The first two wells drilled in Q3/24 are now on production, with 60 day production rates of 230 bopd and 220 bopd respectively, and the third well is currently on production in its initial clean-up stage. These production results compare favorably to the offset discovery well, which had a 60 day initial production rate of 244 bopd and a 90 day initial production rate of 236 bopd, as previously announced in Q2/24. Surge is encouraged by the repeatability of the Company’s recent drilling results1 at Hope Valley as it moves into the development phase for this asset.

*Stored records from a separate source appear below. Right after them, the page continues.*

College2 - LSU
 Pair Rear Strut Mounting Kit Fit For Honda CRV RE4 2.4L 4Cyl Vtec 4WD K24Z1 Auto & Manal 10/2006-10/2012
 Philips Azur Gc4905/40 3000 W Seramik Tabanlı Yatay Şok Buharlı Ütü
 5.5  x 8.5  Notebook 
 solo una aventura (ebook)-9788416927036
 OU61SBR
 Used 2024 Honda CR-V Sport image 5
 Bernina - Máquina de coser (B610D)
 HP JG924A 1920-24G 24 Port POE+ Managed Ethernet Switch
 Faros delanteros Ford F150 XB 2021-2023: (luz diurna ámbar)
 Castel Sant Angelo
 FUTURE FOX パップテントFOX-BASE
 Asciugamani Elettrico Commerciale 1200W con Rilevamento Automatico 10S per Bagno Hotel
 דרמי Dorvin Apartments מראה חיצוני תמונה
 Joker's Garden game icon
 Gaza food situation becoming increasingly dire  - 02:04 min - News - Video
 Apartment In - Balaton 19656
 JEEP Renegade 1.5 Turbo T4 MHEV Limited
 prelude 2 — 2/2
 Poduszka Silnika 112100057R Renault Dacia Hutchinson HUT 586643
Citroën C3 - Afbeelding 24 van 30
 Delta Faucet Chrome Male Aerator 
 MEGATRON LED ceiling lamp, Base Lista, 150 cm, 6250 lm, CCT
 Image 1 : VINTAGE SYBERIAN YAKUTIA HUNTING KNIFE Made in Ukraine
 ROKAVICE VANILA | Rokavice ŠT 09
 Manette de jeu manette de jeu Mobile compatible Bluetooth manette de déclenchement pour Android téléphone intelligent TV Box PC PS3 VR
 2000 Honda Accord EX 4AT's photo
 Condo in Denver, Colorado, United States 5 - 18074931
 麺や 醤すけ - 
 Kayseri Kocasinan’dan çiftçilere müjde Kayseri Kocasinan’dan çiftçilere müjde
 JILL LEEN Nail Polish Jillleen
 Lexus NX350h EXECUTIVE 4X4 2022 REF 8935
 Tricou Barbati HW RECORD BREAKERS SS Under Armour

Additionally, during Q3/24, the Company began construction of a multi-well battery at Hope Valley which is expected to be completed in December 2024. Following Surge’s continued success at Hope Valley, the Company has commenced a follow-up 42 square kilometer 3D seismic program to complement the Company’s existing 3D dataset. This seismic data will be utilized in Surge’s 2025 drilling program and will help to further de-risk its expanding Hope Valley inventory. The Company currently owns 32.5 net sections of land at Hope Valley, and internally estimates over 80 (net) multi-lateral Sparky drilling locations on these lands.
The Company also continued its strong operational momentum in SE Saskatchewan during Q3/24, drilling 15 gross (12.2 net) wells in this core, operated light oil area. Drilling was focused in Surge’s Steelman and Viewfield properties, targeting the Frobisher formation where 8 gross (8.0 net) wells were drilled. The first six wells of this Frobisher program are now on production, with an average IP30 rate of over 425 boepd (90% light oil).
Surge has a drilling inventory of over 250 (internally estimated) net locations1 in SE Saskatchewan, of which more than 165 are Frobisher light oil locations.
2025 CAPITAL AND OPERATING BUDGET: MAXIMIZING FREE CASH FLOW
Given the recent instability and volatility of world crude oil prices, Management has elected to utilize a US$70 WTI crude oil price assumption for the Company’s 2025 capital and operating budget.
In 2025, Surge will continue to focus on the Company’s disciplined capital allocation business strategy, with cash flow strategically allocated between focused capital projects and returns to shareholders. Surge is currently returning over $52 million annually to shareholders through the Company’s existing $0.52 per share per annum base dividend (paid monthly). Additionally, Management currently anticipates allocating the majority of the Company’s remaining excess free cash flow (“excess FCF”)4 in 2025 to share repurchases under its existing NCIB program.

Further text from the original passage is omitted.